Could the whole of the data below be written out verbatim?

Data items:
--*--

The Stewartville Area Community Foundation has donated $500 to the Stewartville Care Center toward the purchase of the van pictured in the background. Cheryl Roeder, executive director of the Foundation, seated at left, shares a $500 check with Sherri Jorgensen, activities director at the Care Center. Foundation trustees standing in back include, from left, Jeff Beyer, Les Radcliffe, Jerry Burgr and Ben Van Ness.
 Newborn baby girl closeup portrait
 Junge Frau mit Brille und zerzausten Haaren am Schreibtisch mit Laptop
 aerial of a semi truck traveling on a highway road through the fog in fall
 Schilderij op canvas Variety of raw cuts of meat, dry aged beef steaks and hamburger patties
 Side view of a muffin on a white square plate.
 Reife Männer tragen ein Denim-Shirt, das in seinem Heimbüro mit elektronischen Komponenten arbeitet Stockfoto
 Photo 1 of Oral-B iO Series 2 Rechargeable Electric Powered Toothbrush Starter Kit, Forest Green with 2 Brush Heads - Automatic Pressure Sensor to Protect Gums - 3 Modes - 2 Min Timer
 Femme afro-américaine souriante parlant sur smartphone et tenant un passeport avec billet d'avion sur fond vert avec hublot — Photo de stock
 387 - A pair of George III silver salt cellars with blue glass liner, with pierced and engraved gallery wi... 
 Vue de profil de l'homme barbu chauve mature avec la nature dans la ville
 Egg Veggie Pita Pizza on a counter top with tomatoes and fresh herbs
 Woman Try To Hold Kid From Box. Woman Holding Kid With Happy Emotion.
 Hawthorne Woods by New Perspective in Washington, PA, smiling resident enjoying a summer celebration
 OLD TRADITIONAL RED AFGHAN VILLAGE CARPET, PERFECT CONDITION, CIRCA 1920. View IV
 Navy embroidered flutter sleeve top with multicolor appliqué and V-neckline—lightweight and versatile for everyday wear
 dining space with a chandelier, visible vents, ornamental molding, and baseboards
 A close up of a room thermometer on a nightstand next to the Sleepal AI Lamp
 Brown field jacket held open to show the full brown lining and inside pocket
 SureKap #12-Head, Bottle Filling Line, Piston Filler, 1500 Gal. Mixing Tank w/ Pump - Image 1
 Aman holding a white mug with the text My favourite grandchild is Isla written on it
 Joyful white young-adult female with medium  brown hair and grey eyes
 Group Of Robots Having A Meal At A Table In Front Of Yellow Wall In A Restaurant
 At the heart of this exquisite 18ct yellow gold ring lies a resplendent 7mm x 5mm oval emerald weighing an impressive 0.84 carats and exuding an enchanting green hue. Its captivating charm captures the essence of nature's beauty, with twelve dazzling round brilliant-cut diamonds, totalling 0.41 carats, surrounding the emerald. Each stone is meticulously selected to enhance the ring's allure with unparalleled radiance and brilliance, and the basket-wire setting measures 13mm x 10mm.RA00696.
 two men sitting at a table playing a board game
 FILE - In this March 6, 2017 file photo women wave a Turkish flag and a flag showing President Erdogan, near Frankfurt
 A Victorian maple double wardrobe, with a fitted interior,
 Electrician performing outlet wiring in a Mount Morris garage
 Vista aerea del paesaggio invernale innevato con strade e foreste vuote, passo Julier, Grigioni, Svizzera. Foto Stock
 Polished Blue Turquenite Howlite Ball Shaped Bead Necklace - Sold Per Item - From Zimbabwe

--*--

▶ _ANSWER TO THE PROBLEM_:
The Stewartville Area Community Foundation has donated $500 to the Stewartville Care Center toward the purchase of the van pictured in the background. Cheryl Roeder, executive director of the Foundation, seated at left, shares a $500 check with Sherri Jorgensen, activities director at the Care Center. Foundation trustees standing in back include, from left, Jeff Beyer, Les Radcliffe, Jerry Burgr and Ben Van Ness.
 Newborn baby girl closeup portrait
 Junge Frau mit Brille und zerzausten Haaren am Schreibtisch mit Laptop
 aerial of a semi truck traveling on a highway road through the fog in fall
 Schilderij op canvas Variety of raw cuts of meat, dry aged beef steaks and hamburger patties
 Side view of a muffin on a white square plate.
 Reife Männer tragen ein Denim-Shirt, das in seinem Heimbüro mit elektronischen Komponenten arbeitet Stockfoto
 Photo 1 of Oral-B iO Series 2 Rechargeable Electric Powered Toothbrush Starter Kit, Forest Green with 2 Brush Heads - Automatic Pressure Sensor to Protect Gums - 3 Modes - 2 Min Timer
 Femme afro-américaine souriante parlant sur smartphone et tenant un passeport avec billet d'avion sur fond vert avec hublot — Photo de stock
 387 - A pair of George III silver salt cellars with blue glass liner, with pierced and engraved gallery wi... 
 Vue de profil de l'homme barbu chauve mature avec la nature dans la ville
 Egg Veggie Pita Pizza on a counter top with tomatoes and fresh herbs
 Woman Try To Hold Kid From Box. Woman Holding Kid With Happy Emotion.
 Hawthorne Woods by New Perspective in Washington, PA, smiling resident enjoying a summer celebration
 OLD TRADITIONAL RED AFGHAN VILLAGE CARPET, PERFECT CONDITION, CIRCA 1920. View IV
 Navy embroidered flutter sleeve top with multicolor appliqué and V-neckline—lightweight and versatile for everyday wear
 dining space with a chandelier, visible vents, ornamental molding, and baseboards
 A close up of a room thermometer on a nightstand next to the Sleepal AI Lamp
 Brown field jacket held open to show the full brown lining and inside pocket
 SureKap #12-Head, Bottle Filling Line, Piston Filler, 1500 Gal. Mixing Tank w/ Pump - Image 1
 Aman holding a white mug with the text My favourite grandchild is Isla written on it
 Joyful white young-adult female with medium  brown hair and grey eyes
 Group Of Robots Having A Meal At A Table In Front Of Yellow Wall In A Restaurant
 At the heart of this exquisite 18ct yellow gold ring lies a resplendent 7mm x 5mm oval emerald weighing an impressive 0.84 carats and exuding an enchanting green hue. Its captivating charm captures the essence of nature's beauty, with twelve dazzling round brilliant-cut diamonds, totalling 0.41 carats, surrounding the emerald. Each stone is meticulously selected to enhance the ring's allure with unparalleled radiance and brilliance, and the basket-wire setting measures 13mm x 10mm.RA00696.
 two men sitting at a table playing a board game
 FILE - In this March 6, 2017 file photo women wave a Turkish flag and a flag showing President Erdogan, near Frankfurt
 A Victorian maple double wardrobe, with a fitted interior,
 Electrician performing outlet wiring in a Mount Morris garage
 Vista aerea del paesaggio invernale innevato con strade e foreste vuote, passo Julier, Grigioni, Svizzera. Foto Stock
 Polished Blue Turquenite Howlite Ball Shaped Bead Necklace - Sold Per Item - From Zimbabwe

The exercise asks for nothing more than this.